Using advanced driver assistance systems (ADAS) over time can compromise the attention spans of those piloting the vehicles, newly-released research shows.
A study by the AAA Foundation found that behind-the-wheel focus dropped among drivers who spent weeks using and becoming comfortable with ADAS technologies.
David Yang, AAA Foundation’s president and executive director, called the findings a “cautiously positive sign for the future of vehicle automation.”
“As drivers become more comfortable with the technology, they will be more likely to use it, which could lead to safer and more efficient transportation,” Yang said. “But they must use it properly and understand the system’s limitations.”
The study involved assessing 30 drivers as they navigated vehicles equipped with Adaptive Cruise Control and Lane Keeping Assistance features for six to eight weeks. Their behavior before, during, and after using the ADAS-equipped vehicles was analyzed, the foundation said.
The study found that drivers:
- Became more comfortable with ADAS over time and are most likely to use it in favorable weather and traffic conditions;
- Reported lower stress levels and greater driving enjoyment when using driver assistance features; and
- Received an increasing number of warnings to pay attention as the study carried on, suggesting they became more comfortable with non-driving activities after gaining ADAS familiarity.
“Intriguingly, the research found that drivers initially paid more attention to the driving task when using ADAS than when driving manually,” the AAA Foundation said. “However, after a few weeks of experience, drivers began to relax and multitask more often while the vehicle was in partial control.
“These findings suggest drivers can learn to trust and rely on ADAS over time. However, drivers must be aware of the technology’s limitations and prepared to take over in an emergency.”
A reliance on ADAS also underscores the importance of ensuring driver assist features are returned to their original condition following a collision. This requires following OEM procedures and using the right tools to ensure the systems work as intended.
This isn’t the first time studies have highlighted overreliance on vehicle technologies.
In August, a Quotezone survey from the United Kingdom found that nearly one-third of drivers whose vehicles are equipped with ADAS believe new technologies are worsening their driving.
An Insurance Institute for Highway Safety (IIHS) report from 2018 determined that drivers tend to change their behavior when using automated parking technology.
“Drivers adapt their glance behavior when using automation, which may detract attention from their surroundings,” IIHS said. “Glance behavior during parallel parking maneuvers performed with and without automated steering was compared. Drivers directed a smaller proportion of their glances toward the parking space and spent less time looking at it when using automation than when not using automation.”
A separate IIHS study from last October found that drivers who use partial automation frequently treat their vehicles as fully self-driving, confident that they can perform non-driving-related activities, like eating or texting, while behind the wheel.
The AAA Foundation said the findings of its latest study found that ADAS-equipped vehicles have the potential to be safe.

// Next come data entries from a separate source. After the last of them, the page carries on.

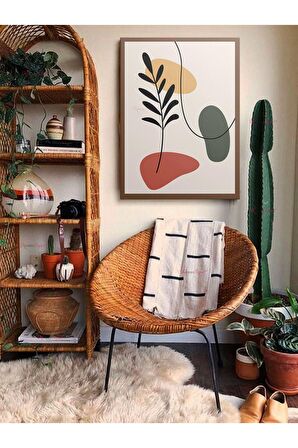 Soyut Dekoratif Vintange Retro Bohe Bohem Boho Art Vektorel Abstract Minimalist Canvas Kanvas Tablo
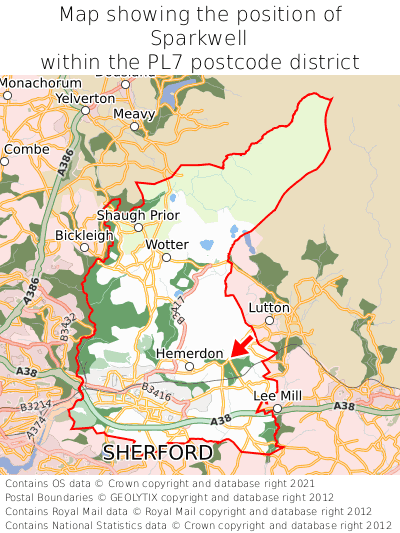 Map showing location of Sparkwell within PL7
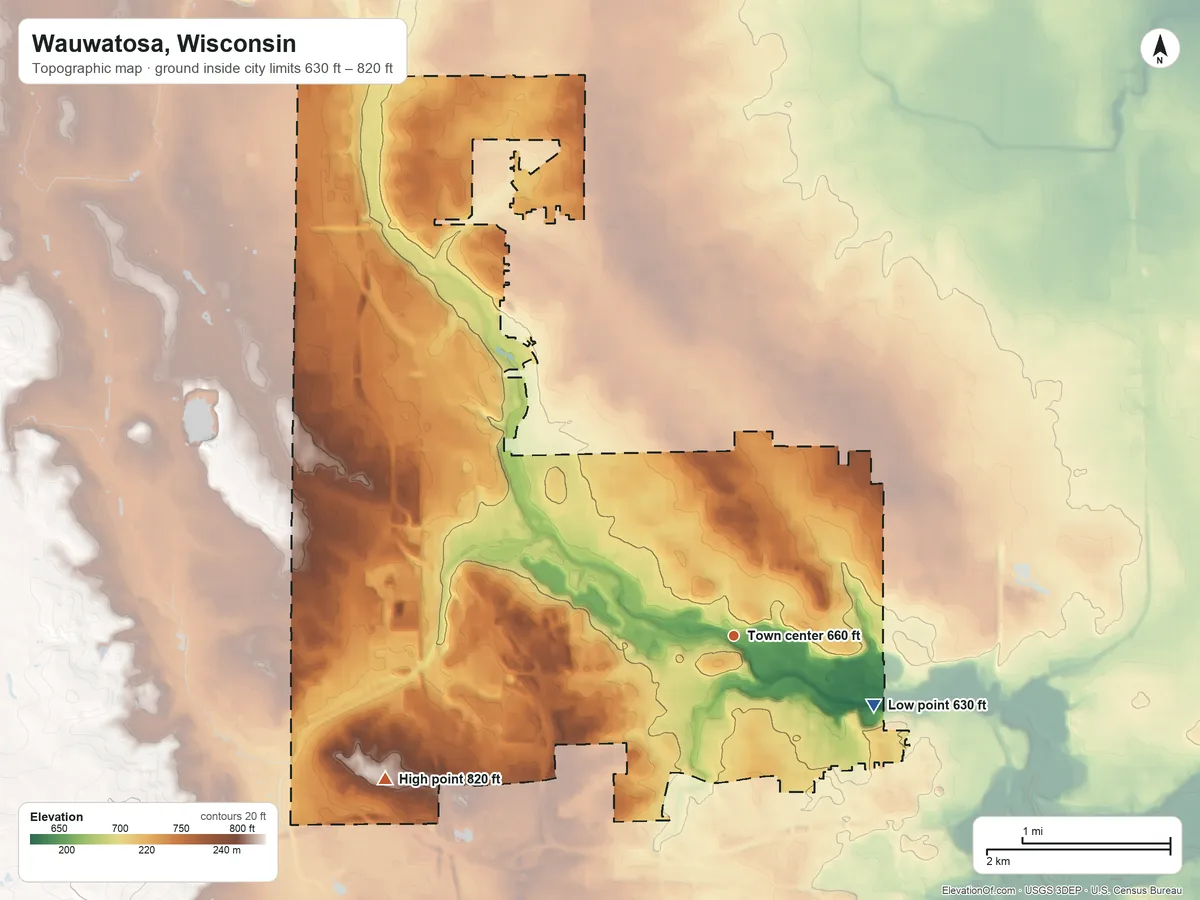 Topographic elevation map of Wauwatosa, Wisconsin, shaded from 630 ft on the southeast side to 820 ft on the west side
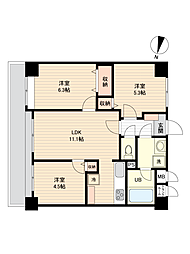 マイキャッスル越谷 3LDKの間取図画像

The foundation cited a previously released study it sponsored that found ADAS technologies currently available to U.S. consumers are anticipated to prevent 37 million crashes, 14 million injuries, and nearly 250,000 deaths. That adds up to 16% of crashes and injuries and 22% of deaths that would otherwise occur on U.S. roads without the technologies, according to the study results.
“The potential lifesaving benefits of vehicle safety technologies are maximized only when drivers keep them on and use them correctly,” said Jake Nelson, AAA’s director of traffic safety advocacy. “These study results help illuminate the important and sometimes irrational ways we as drivers interact with technology.”